Let a robot go to the office for you

Let a robot go to the office for you
Senior Minister of State Josephine Teo observing a trial of the Double Robotics interface. Photo: Angela Teng/TODAY
Published: 10:15 PM, November 28, 2016
Updated: 1:27 PM, November 29, 2016

SINGAPORE — Ms Roxanne Lu may be away from her office but she can still move around her workplace, talk to her colleagues and take part in meetings at the business services firm where she works through a robotic interface.

The 30-year-old mother of two works at 3E Accounting, which has tapped on the interface called Double Robotics to create flexibility in the workplace.

“When we first started out with the robot, I was a bit uncertain, but then I realized that it is easy to manoeuvre. When I can’t come in, I can also move around the office with the robot and I feel as if I am here. It is also easier to see and talk to everyone,” said Ms Lu, who is on maternity leave, but gave the interview via the robot.

Mr Lawrence Chai, the managing director of 3E Accounting, bought the robot in April after he learned that an accounting firm in Australia had invested in the technology to improve work-life balance for its employees.

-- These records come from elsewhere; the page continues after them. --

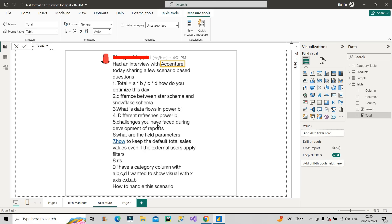The next question is challenges you have faced during development of reports. There are a lot of challenges in day-to-day tasks. You have to be mentally prepared about this question. You can talk about data incompleteness from the source, any particular DAX related challenge, or any particular security related challenge — for example, if you had to implement page level security. Be specific about what kind of challenge you will speak about, be mentally prepared, and then speak the same in the interview.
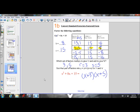Nice and easy. You can expand using the FOIL method to verify you get back to the original expression.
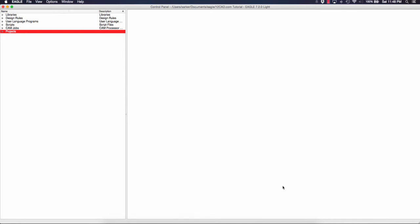Hello everyone, this is the 12cad.com team. Today we're going to start our series of tutorials for PCB printed circuit board design. We chose to use Eagle PCB software by CAD Soft.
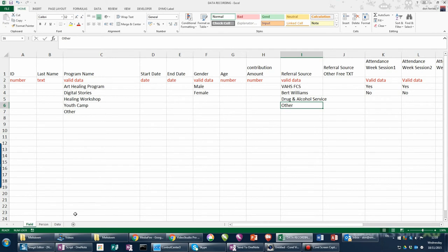In the next video, we'll go to the data sheet and I'll explain how we look at and set up the valid data field.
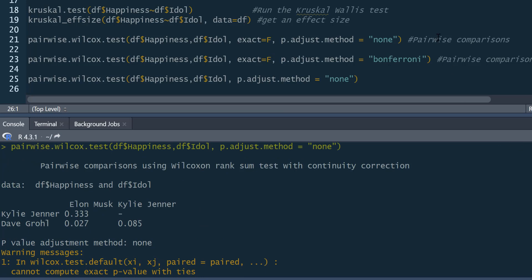That's basically how you can do a Kruskal-Wallis test in R. It's nice and straightforward. Don't need many packages apart from your effect size. And it produces a relatively straightforward output as well.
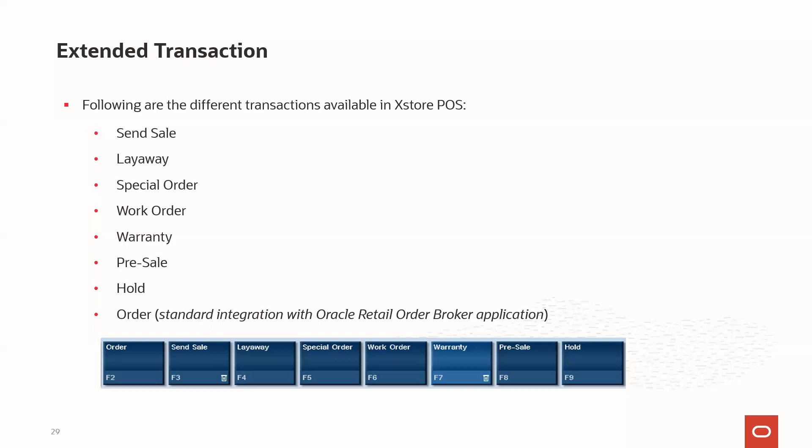The next is the order transaction. As mentioned, if the Xstore system is integrated with the Oracle Retail Order Broker application, we can perform an order transaction. If an item is not available in the store inventory, we place an order — the item could be available in another store within the system or in a warehouse. The Order Broker system will identify which store or warehouse has that inventory and we create the extended transaction to complete the sale. Options within the order system include pick up at another store, customer home delivery, and pick up at this store.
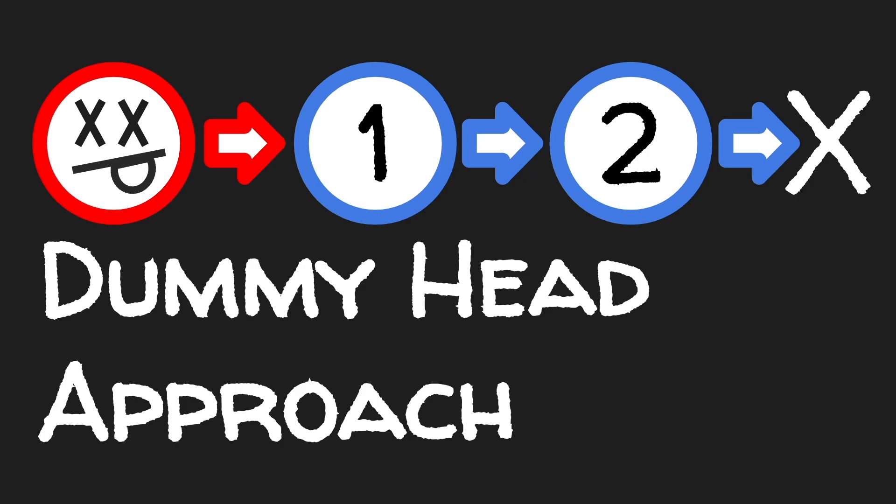Hi everyone! Today I wanted to cover a strategy commonly used in linked list interview problems, called the dummy head approach.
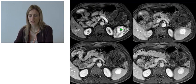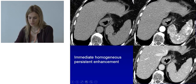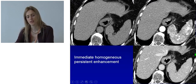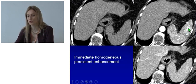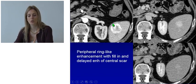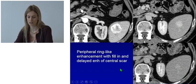Here we can see one example of a peripheral ring enhancement followed by fill-in of the lesion. These same patterns of enhancement can also be seen on CT. For example, here we can see immediate homogeneous enhancement which is then persistent, and in this other case we can see peripheral ring enhancement followed by fill-in and a delayed enhancement of the central scar.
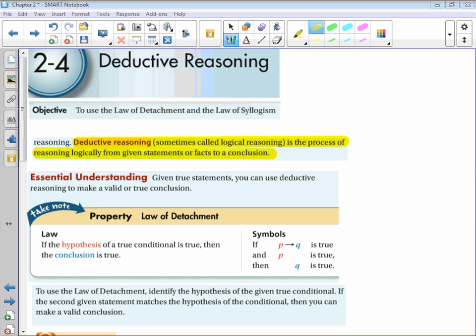What can you conclude from the given information, and what is your reasoning? If a whole number ends in zero, then it is divisible by ten. The next statement starts with 'divisible by ten' — great, it matches: if a whole number is divisible by ten, then it is divisible by five. So we can conclude: if a whole number ends in zero, then it is divisible by five.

Part of the S$7,000 purchase price for the robot and an iPad that came with it was funded under the Productivity and Innovation Credit (PIC) scheme.

“We felt that it is affordable. If the investment is useful, it is worth it. The robot is part of our strategy for a flexible work arrangement for our staff and our approach to constantly keep innovating ourselves,” said Mr Chai, 31.

Investing in flexible work arrangements has paid off well for 3E Accounting, which Mr Chai and his wife set up in 2011 with a family-friendly focus from Day 1. Mr Chai said it has enjoyed high staff retention rates, improvements in productivity, as well as an increase in revenue. Average revenue per head rose to S$135,076 last year from S$92,037 a year earlier, and productivity improved to 46.76 per cent from 41.96 per cent.

It is important to focus on retaining talent as training new staff costs a lot of time and money. “Losing talent incurs costs. It is easier to invest in technology and provide a good work culture to retain the staff,” Mr Chai said.